For a project of ours (https://mecmua.acdh.oeaw.ac.at) I used an
approach where I (ab)used Words comments function for annotation data
and character styles for the type of entity. The DOCX documents were
processed using a customized variant of the TEI XSL styleheets
(https://github.com/simar0at/TEI-Stylesheets/tree/mecmua) in oXygen XML.
There was no central data source for the entities but only the rule that
an entity should be annotated with all available data at first occurence
in the document and then for any further occurence with as much
information as is needed to distinguish it from an entity with the same
This approach worked somewhat for 2 domain experts annotating in Word
but in the end a lot of proof reading the annotations was necessary
because the annotators made hardly visible mistakes.
In hindsight I would have invested more time to customize Word for
stricter input checking and suggestions.
If you find this useful please take it as an inspiration.
Am 09.11.2017 um 16:22 schrieb Ron Van den Branden:
> A digital edition project we're assisting in is trying to engage a
> limited group of volunteers for transcribing letters, creating basic
> annotations, and identifying named entities in the texts. The project
> context is quite challenging, since budget is limited, the project is
> building on previous efforts which had produced basic Word
> transcriptions, and the volunteers are domain experts without any
> desire to extend their human-computer interaction beyond basic office
> software. Hence, we've tried to accommodate this in a word
> processor-based workflow for the "volunteer phase", after which the
> docs will be transformed and the TEI life of these texts begins.
> Against this backdrop, I'm looking for a way to enable the volunteers
> to identify named entities in the texts. Transcription-wise, I think
> this is feasible in a word processor by identifying them as hyperlinks
> and have the URL point at least to an unique ID code, or ideally to a
> valid URL where the available information can be viewed. Either the ID
> code or a field in each record can then contain type information that
> could help in the transformation to TEI. Of course, this requires an
> external data source to link to, and this is still a major concern.
> Given the fact that a lot of these names won't feature in any existing
> resources, and that they will probably require specific information
> tailored to this edition anyhow, it seems to make most sense to
> construct a project-specific resource which can hold the required
> information for the different entities (persons, organizations,
> places, titles,...), of course providing space for pointing to
> existing resources when available. Ideally, the volunteers would be
> able to look up whether an entry exists already, copy the ID/URL and
> use it in the transcription; or create a new one for people, places,
> ... that haven't been described yet. Also, if needed, it should be
> possible to edit existing descriptions if e.g. more information
> becomes available along the way (of course, without touching the
> original ID/URL).

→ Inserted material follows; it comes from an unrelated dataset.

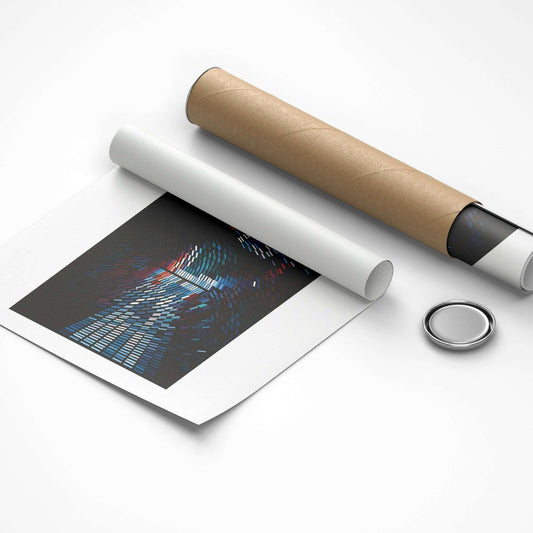 Roll of paper with a printed design on a white surface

On top of that, querying and entering new
> information should ideally be as intuitive as possible for the
> volunteers. Summing up, the main requirements would be:
> -collaborative: volunteers should be able to create and/or modify
> entries when needed
> -intuitive input/query form
> -ability to import existing data + export (to CSV or XLSX)

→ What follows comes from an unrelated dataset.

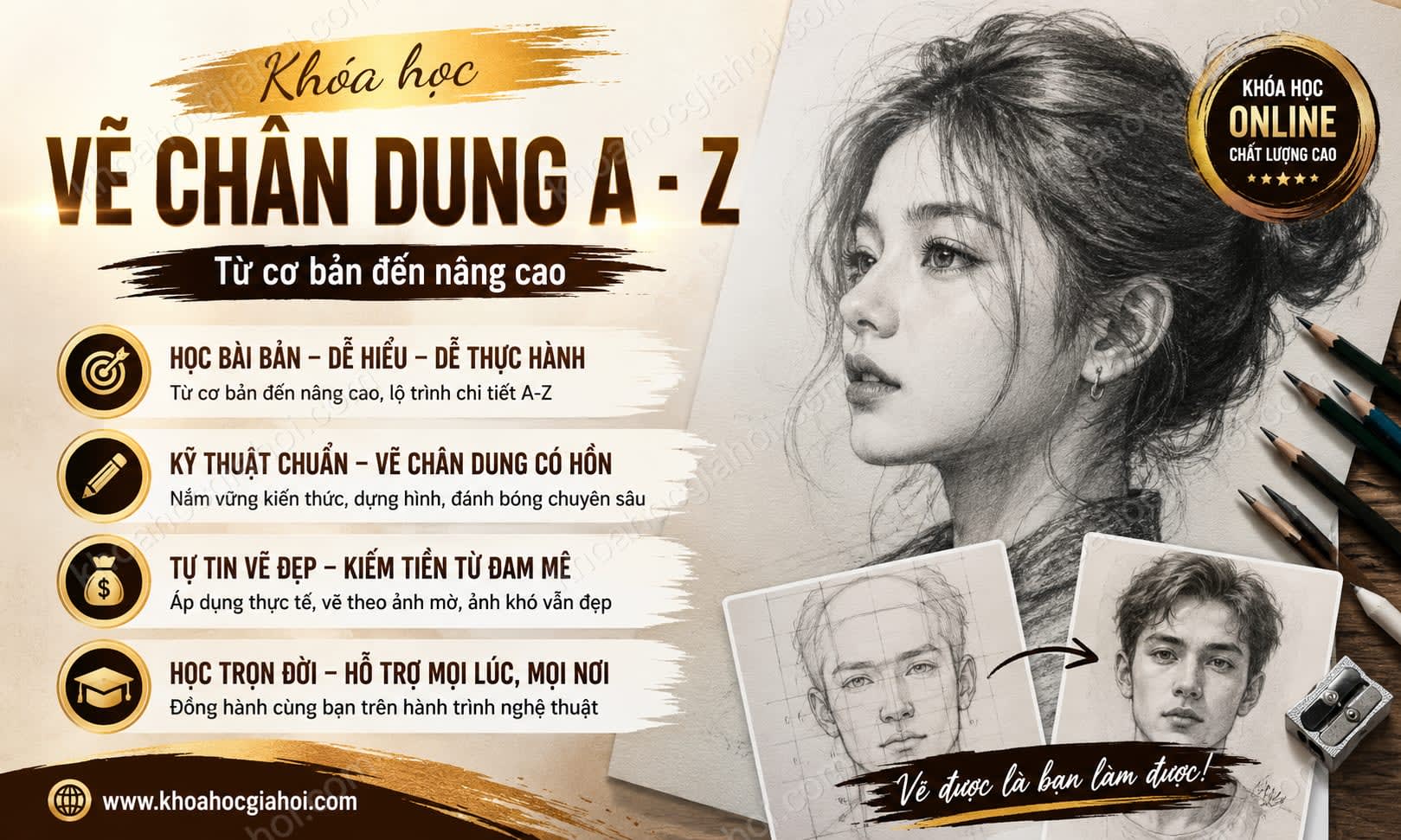 Khóa Học Vẽ Chân Dung A - Z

> Since a basic spreadsheet could be sufficient to store this
> information (e.g. different sheets per name type, with name-specific
> information fields in separate columns), I've been looking into Google
> Sheets, but I'm not sure if that allows to view individual "records"
> (i.e. rows in a sheet), and if the forms component everything needed
> to query/create/edit existing records.
> I realize this is probably a terribly basic and peripheral question
> which I've long hesitated to ask here, but how do others do this
> (after all, it's such a basic component of any edition project)? We've
> been advised to look into a Mediawiki direction, but that seems too
> unstructured, hard to navigate in existing information and quite
> complex to enter new information.
> As might be clear at this point, (non-XML) databases are not my field
> of expertise, we don't have any IT-departmental back-up, and I'm a bit
> at a loss. Are there any known lightweight (and preferably free)
> solutions available for facilitating this task? Or what would be the
> most sensible direction to look into?
> Many thanks for any advice,